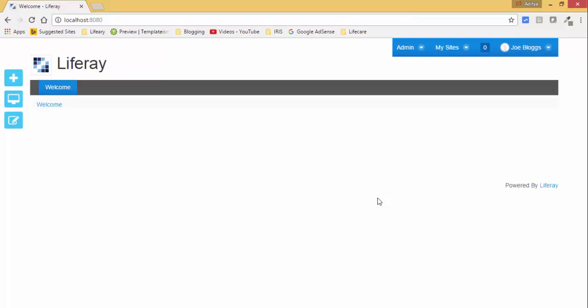Hello friends, today we will see how we can create basic web content in Liferay. So first, what is a web content? Web content is static content which can be displayed on a portal page.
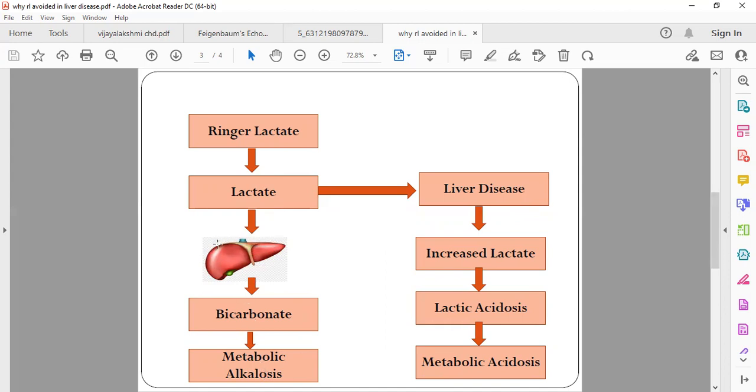In case of liver disease, if the liver is not functioning properly, this lactate cannot be converted into bicarbonate and thus keeps accumulating, which leads to increased lactate and lactic acidosis, causing metabolic acidosis which could be very dangerous.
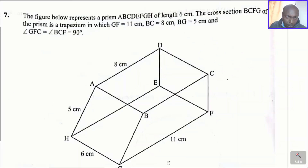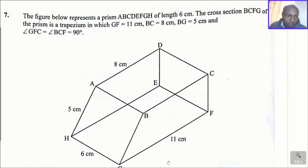The figure below represents a prism ABCDEFGH of length 6 cm. The cross-section BCFG of the prism is a trapezium in which GF equals 11 cm, BC equals 8 cm, BG equals 5 cm, and angle GFC equals angle BCF, which is 90 degrees.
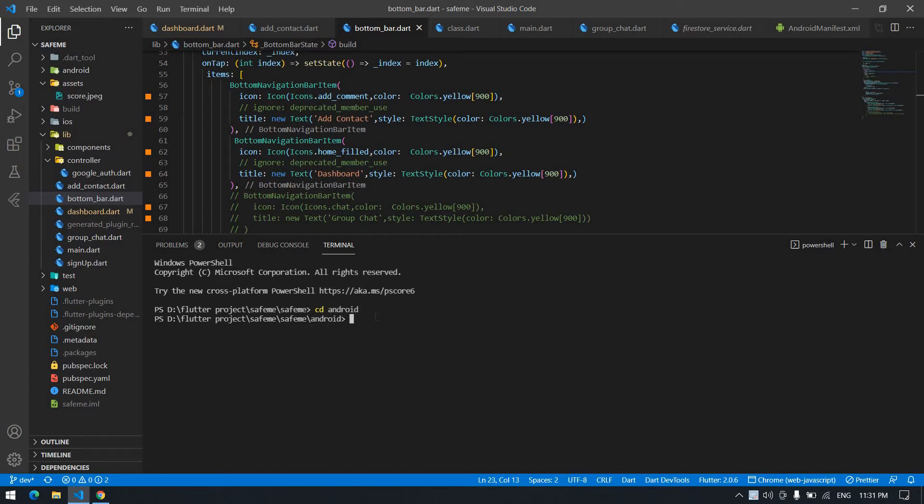We need to type one command: ./gradlew signingReport. That's gradlew space signingReport. Click Enter.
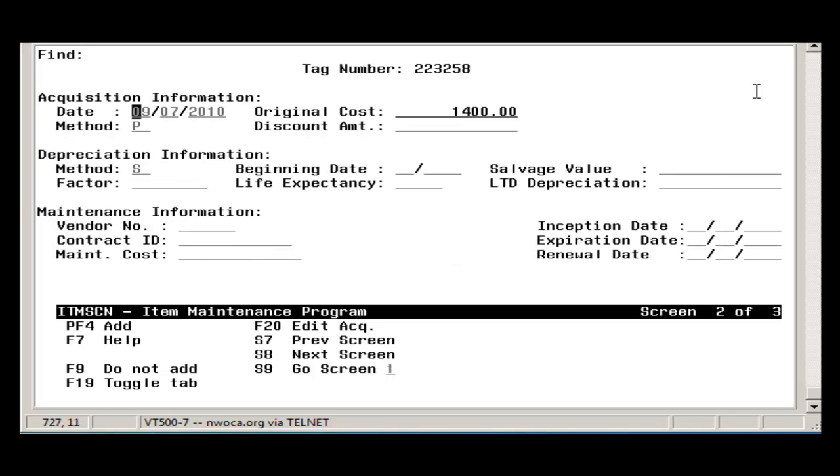Screen 2 contains the Acquisition, Depreciation, and Maintenance information on the item. The Acquisition information is already filled in since it was pulled from the pending file. Required fields on this screen include the Acquisition date, the original cost, and the method.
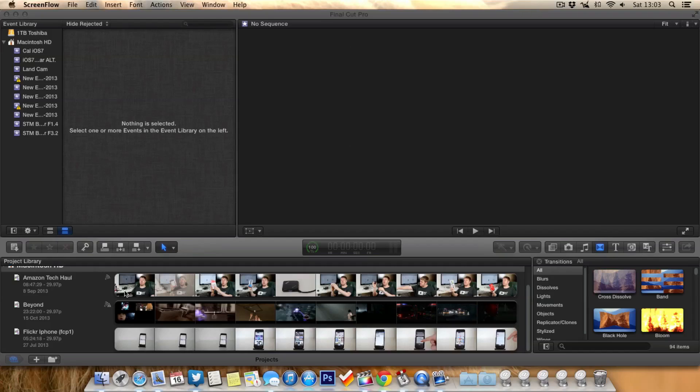So I want to basically delete all these. Now deleting them inside Final Cut Pro X can be a little bit time consuming, it's a little bit slow and there's quite a lot of clicks and presses to delete things. So there's a quick way to do it.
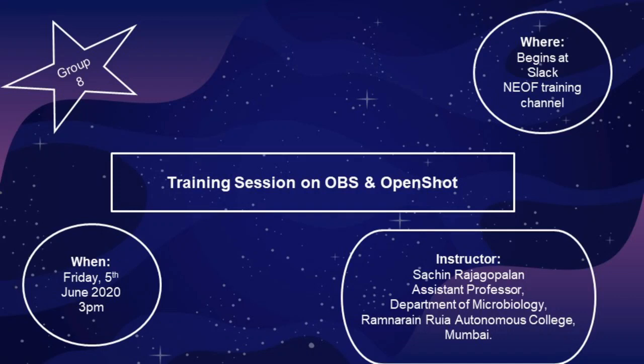Hello everyone, today we are here for fulfilling a prerequisite for the training session on Open Broadcaster Software, which is OBS, and OpenShot.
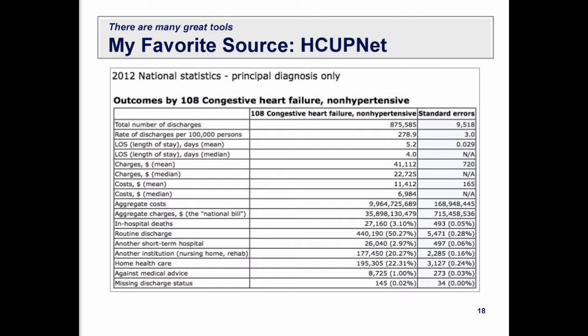Let me talk about heart failure as an example. You can go into HCUPnet and find that there are about 876,000 admissions for heart failure across all roughly 5,000 hospitals in the United States. The average length of stay is 5.2 days. Mean charges for a heart failure stay with principal diagnosis are about forty-one thousand dollars, and mean costs are about eleven thousand dollars.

Task directions. Skip all pictures. Write out only the lines from the one containing "The figure below" to the end of the listing above, inclusive, exactly as given.

Finished exercise.
The figure below represents a prism ABCDEFGH of length 6 cm. The cross-section BCFG of the prism is a trapezium in which GF equals 11 cm, BC equals 8 cm, BG equals 5 cm, and angle GFC equals angle BCF, which is 90 degrees.
We need to type one command: ./gradlew signingReport. That's gradlew space signingReport. Click Enter.
Screen 2 contains the Acquisition, Depreciation, and Maintenance information on the item. The Acquisition information is already filled in since it was pulled from the pending file. Required fields on this screen include the Acquisition date, the original cost, and the method.
So I want to basically delete all these. Now deleting them inside Final Cut Pro X can be a little bit time consuming, it's a little bit slow and there's quite a lot of clicks and presses to delete things. So there's a quick way to do it.
Hello everyone, today we are here for fulfilling a prerequisite for the training session on Open Broadcaster Software, which is OBS, and OpenShot.
Let me talk about heart failure as an example. You can go into HCUPnet and find that there are about 876,000 admissions for heart failure across all roughly 5,000 hospitals in the United States. The average length of stay is 5.2 days. Mean charges for a heart failure stay with principal diagnosis are about forty-one thousand dollars, and mean costs are about eleven thousand dollars.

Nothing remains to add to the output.